Nicole-Reine Lepaute was born in Paris as the daughter of a valet in service of Louise Élisabeth d’Orléans. She would eventually go on to marry Jean-André Lepaute, who was a royal clockmaker in 1749, which would be a formidable decision for her career. Together she and her husband would go on to create a clock with an astronomical function. This clock would then be presented to the French Academy of Science in 1753, which would introduce her to the man, Jérôme Lalande, who recommended her for her most notable work.

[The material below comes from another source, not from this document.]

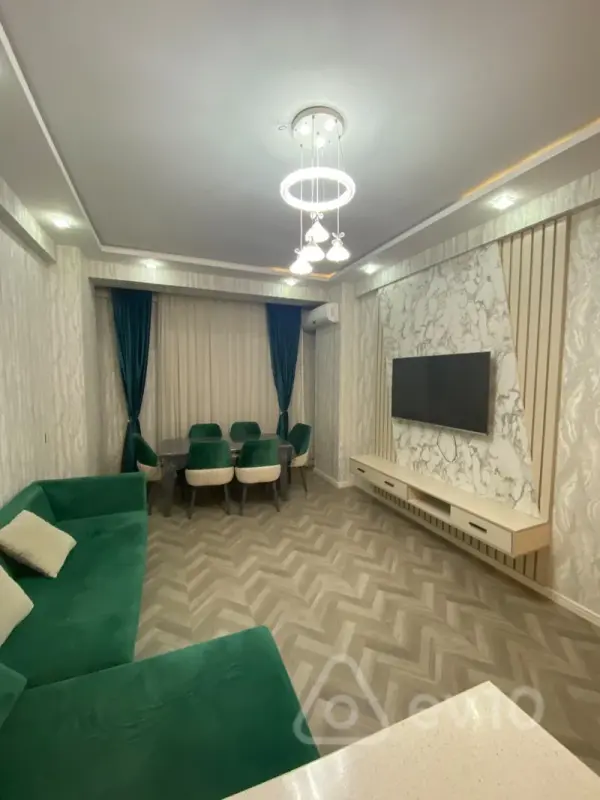 Kirayə verilir 3 otaqlı yeni tikili 110 m²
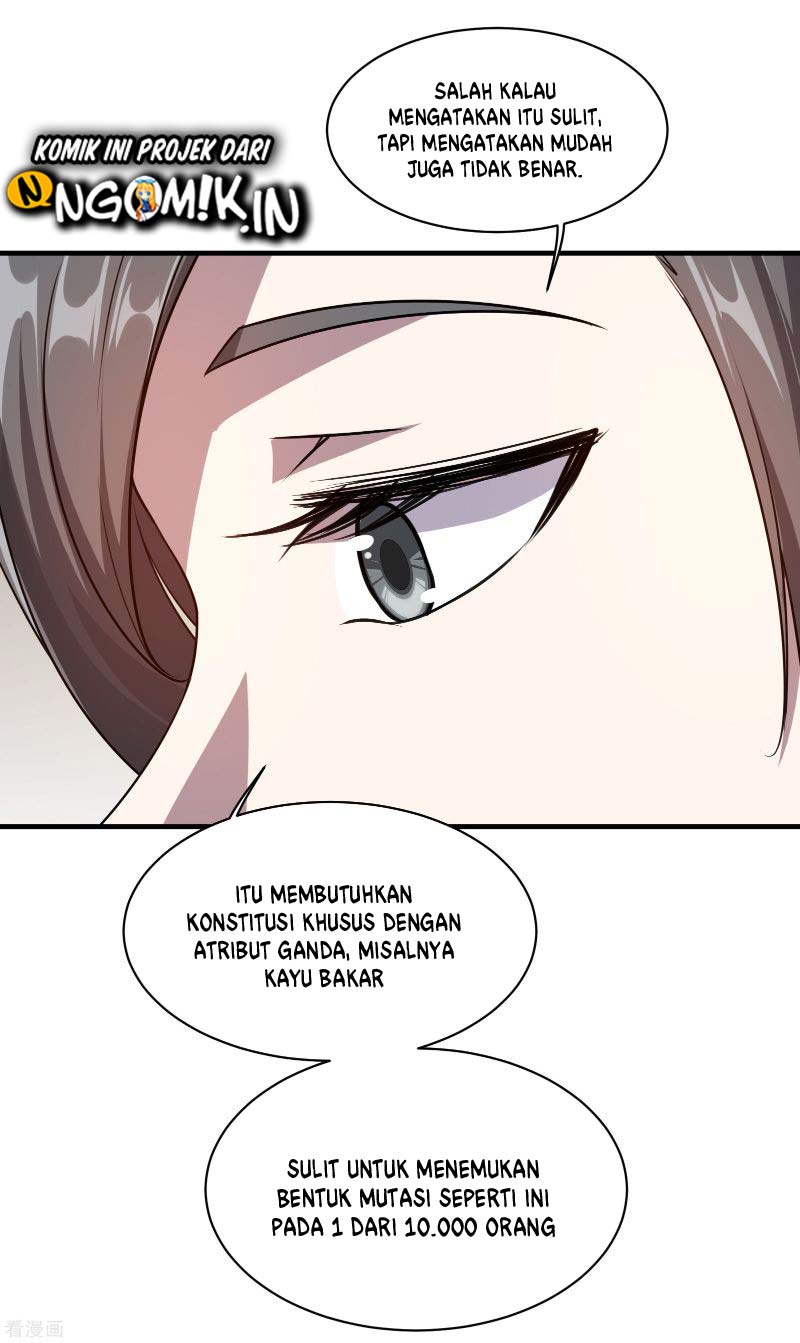 Matchless Emperor chapter 14 halaman 20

After seeing the work that Lepatue did on the clock at the French Academy of Science, Lalande would go on to recommend that Lepatue join a team to calculate when Halley’s Comet might return and the attraction of Jupiter and Saturn of the comet. The team presented their conclusion in 1978, and it ended up being very close to when the comet actually arrived. They determined that the comet would arrive again on April 13, 1759, and Halley’s comet actually ended up arriving on March 13, 1759. One of the men on the team refused to recognize Lepatue’s contributions to the work, but Lalande included her recognition in his publication of the finding.
Lalande valued her work so much that he would include her in another team of his in 1759 to calculate the Transit of Venus. She went on to calculate and discover a variety of other astronomical findings in her lifetime. One being in 1762, when she calculated the exact time of a solar eclipse that occurred on April 1, 1762. As well as a number of stars, moons, and planets that would help out astronomers for years to come.
There is both an asteroid and a lunar crater named after Lepatue in recognition of her hard work and advancements in the field of astronomy.